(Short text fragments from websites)
----

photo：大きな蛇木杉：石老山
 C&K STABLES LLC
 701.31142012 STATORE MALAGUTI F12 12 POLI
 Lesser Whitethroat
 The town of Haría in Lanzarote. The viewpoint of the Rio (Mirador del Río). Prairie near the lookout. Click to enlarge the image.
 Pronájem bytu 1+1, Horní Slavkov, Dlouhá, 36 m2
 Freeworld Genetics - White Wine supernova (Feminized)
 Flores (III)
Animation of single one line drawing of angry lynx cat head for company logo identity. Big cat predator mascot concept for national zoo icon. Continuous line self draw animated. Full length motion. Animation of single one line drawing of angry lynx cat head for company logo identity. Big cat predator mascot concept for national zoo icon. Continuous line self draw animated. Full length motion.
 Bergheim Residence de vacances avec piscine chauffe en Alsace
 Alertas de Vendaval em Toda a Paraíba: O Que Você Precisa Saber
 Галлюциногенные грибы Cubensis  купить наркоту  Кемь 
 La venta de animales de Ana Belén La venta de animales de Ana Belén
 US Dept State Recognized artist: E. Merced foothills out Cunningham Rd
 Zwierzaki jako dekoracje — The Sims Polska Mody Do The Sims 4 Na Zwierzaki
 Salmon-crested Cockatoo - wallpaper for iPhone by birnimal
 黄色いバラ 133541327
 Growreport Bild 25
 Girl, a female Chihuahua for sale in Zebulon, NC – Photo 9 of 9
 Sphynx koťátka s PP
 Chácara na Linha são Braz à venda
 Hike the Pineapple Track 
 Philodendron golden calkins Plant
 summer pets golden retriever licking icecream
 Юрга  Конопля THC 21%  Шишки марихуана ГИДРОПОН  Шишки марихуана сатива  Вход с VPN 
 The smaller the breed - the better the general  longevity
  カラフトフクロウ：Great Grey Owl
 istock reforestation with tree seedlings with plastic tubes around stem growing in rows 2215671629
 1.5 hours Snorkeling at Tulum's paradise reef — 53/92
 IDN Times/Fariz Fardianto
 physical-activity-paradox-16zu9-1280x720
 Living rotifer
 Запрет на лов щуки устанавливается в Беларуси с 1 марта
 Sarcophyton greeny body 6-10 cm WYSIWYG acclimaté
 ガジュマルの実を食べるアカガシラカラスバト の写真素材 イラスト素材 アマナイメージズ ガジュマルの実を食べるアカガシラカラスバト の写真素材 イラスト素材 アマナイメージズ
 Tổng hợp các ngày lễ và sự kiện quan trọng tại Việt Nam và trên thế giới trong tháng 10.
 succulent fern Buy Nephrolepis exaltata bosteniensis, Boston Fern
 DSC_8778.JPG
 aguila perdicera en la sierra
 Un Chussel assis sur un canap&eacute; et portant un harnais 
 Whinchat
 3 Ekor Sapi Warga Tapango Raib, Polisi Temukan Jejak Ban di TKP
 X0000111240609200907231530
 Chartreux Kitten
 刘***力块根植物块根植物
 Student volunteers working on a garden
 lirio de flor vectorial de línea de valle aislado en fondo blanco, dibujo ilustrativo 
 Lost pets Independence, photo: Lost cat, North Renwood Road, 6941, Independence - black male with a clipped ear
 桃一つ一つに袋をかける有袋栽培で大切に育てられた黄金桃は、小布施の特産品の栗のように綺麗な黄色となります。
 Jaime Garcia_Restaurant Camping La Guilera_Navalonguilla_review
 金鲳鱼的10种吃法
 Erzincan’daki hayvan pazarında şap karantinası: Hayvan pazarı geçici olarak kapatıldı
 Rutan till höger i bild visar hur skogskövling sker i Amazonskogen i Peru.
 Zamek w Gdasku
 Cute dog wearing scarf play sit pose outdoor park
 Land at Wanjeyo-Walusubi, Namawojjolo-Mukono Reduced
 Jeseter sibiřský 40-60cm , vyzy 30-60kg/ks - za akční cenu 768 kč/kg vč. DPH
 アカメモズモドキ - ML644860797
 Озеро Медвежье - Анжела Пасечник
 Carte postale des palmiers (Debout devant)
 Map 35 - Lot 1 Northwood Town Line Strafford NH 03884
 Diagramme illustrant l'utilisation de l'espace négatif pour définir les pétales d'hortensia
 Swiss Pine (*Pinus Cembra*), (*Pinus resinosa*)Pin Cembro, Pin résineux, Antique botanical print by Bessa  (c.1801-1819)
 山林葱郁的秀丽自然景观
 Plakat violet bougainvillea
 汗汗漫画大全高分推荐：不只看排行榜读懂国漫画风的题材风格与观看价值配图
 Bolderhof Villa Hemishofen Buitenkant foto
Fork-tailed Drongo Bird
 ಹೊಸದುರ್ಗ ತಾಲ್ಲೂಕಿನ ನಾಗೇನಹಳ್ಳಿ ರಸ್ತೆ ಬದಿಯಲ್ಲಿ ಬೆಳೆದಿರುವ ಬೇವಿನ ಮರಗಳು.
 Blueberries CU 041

----

Exact copies of all entries are what's needed here.

photo：大きな蛇木杉：石老山
 C&K STABLES LLC
 701.31142012 STATORE MALAGUTI F12 12 POLI
 Lesser Whitethroat
 The town of Haría in Lanzarote. The viewpoint of the Rio (Mirador del Río). Prairie near the lookout. Click to enlarge the image.
 Pronájem bytu 1+1, Horní Slavkov, Dlouhá, 36 m2
 Freeworld Genetics - White Wine supernova (Feminized)
 Flores (III)
Animation of single one line drawing of angry lynx cat head for company logo identity. Big cat predator mascot concept for national zoo icon. Continuous line self draw animated. Full length motion. Animation of single one line drawing of angry lynx cat head for company logo identity. Big cat predator mascot concept for national zoo icon. Continuous line self draw animated. Full length motion.
 Bergheim Residence de vacances avec piscine chauffe en Alsace
 Alertas de Vendaval em Toda a Paraíba: O Que Você Precisa Saber
 Галлюциногенные грибы Cubensis  купить наркоту  Кемь 
 La venta de animales de Ana Belén La venta de animales de Ana Belén
 US Dept State Recognized artist: E. Merced foothills out Cunningham Rd
 Zwierzaki jako dekoracje — The Sims Polska Mody Do The Sims 4 Na Zwierzaki
 Salmon-crested Cockatoo - wallpaper for iPhone by birnimal
 黄色いバラ 133541327
 Growreport Bild 25
 Girl, a female Chihuahua for sale in Zebulon, NC – Photo 9 of 9
 Sphynx koťátka s PP
 Chácara na Linha são Braz à venda
 Hike the Pineapple Track 
 Philodendron golden calkins Plant
 summer pets golden retriever licking icecream
 Юрга  Конопля THC 21%  Шишки марихуана ГИДРОПОН  Шишки марихуана сатива  Вход с VPN 
 The smaller the breed - the better the general  longevity
  カラフトフクロウ：Great Grey Owl
 istock reforestation with tree seedlings with plastic tubes around stem growing in rows 2215671629
 1.5 hours Snorkeling at Tulum's paradise reef — 53/92
 IDN Times/Fariz Fardianto
 physical-activity-paradox-16zu9-1280x720
 Living rotifer
 Запрет на лов щуки устанавливается в Беларуси с 1 марта
 Sarcophyton greeny body 6-10 cm WYSIWYG acclimaté
 ガジュマルの実を食べるアカガシラカラスバト の写真素材 イラスト素材 アマナイメージズ ガジュマルの実を食べるアカガシラカラスバト の写真素材 イラスト素材 アマナイメージズ
 Tổng hợp các ngày lễ và sự kiện quan trọng tại Việt Nam và trên thế giới trong tháng 10.
 succulent fern Buy Nephrolepis exaltata bosteniensis, Boston Fern
 DSC_8778.JPG
 aguila perdicera en la sierra
 Un Chussel assis sur un canap&eacute; et portant un harnais 
 Whinchat
 3 Ekor Sapi Warga Tapango Raib, Polisi Temukan Jejak Ban di TKP
 X0000111240609200907231530
 Chartreux Kitten
 刘***力块根植物块根植物
 Student volunteers working on a garden
 lirio de flor vectorial de línea de valle aislado en fondo blanco, dibujo ilustrativo 
 Lost pets Independence, photo: Lost cat, North Renwood Road, 6941, Independence - black male with a clipped ear
 桃一つ一つに袋をかける有袋栽培で大切に育てられた黄金桃は、小布施の特産品の栗のように綺麗な黄色となります。
 Jaime Garcia_Restaurant Camping La Guilera_Navalonguilla_review
 金鲳鱼的10种吃法
 Erzincan’daki hayvan pazarında şap karantinası: Hayvan pazarı geçici olarak kapatıldı
 Rutan till höger i bild visar hur skogskövling sker i Amazonskogen i Peru.
 Zamek w Gdasku
 Cute dog wearing scarf play sit pose outdoor park
 Land at Wanjeyo-Walusubi, Namawojjolo-Mukono Reduced
 Jeseter sibiřský 40-60cm , vyzy 30-60kg/ks - za akční cenu 768 kč/kg vč. DPH
 アカメモズモドキ - ML644860797
 Озеро Медвежье - Анжела Пасечник
 Carte postale des palmiers (Debout devant)
 Map 35 - Lot 1 Northwood Town Line Strafford NH 03884
 Diagramme illustrant l'utilisation de l'espace négatif pour définir les pétales d'hortensia
 Swiss Pine (*Pinus Cembra*), (*Pinus resinosa*)Pin Cembro, Pin résineux, Antique botanical print by Bessa  (c.1801-1819)
 山林葱郁的秀丽自然景观
 Plakat violet bougainvillea
 汗汗漫画大全高分推荐：不只看排行榜读懂国漫画风的题材风格与观看价值配图
 Bolderhof Villa Hemishofen Buitenkant foto
Fork-tailed Drongo Bird
 ಹೊಸದುರ್ಗ ತಾಲ್ಲೂಕಿನ ನಾಗೇನಹಳ್ಳಿ ರಸ್ತೆ ಬದಿಯಲ್ಲಿ ಬೆಳೆದಿರುವ ಬೇವಿನ ಮರಗಳು.
 Blueberries CU 041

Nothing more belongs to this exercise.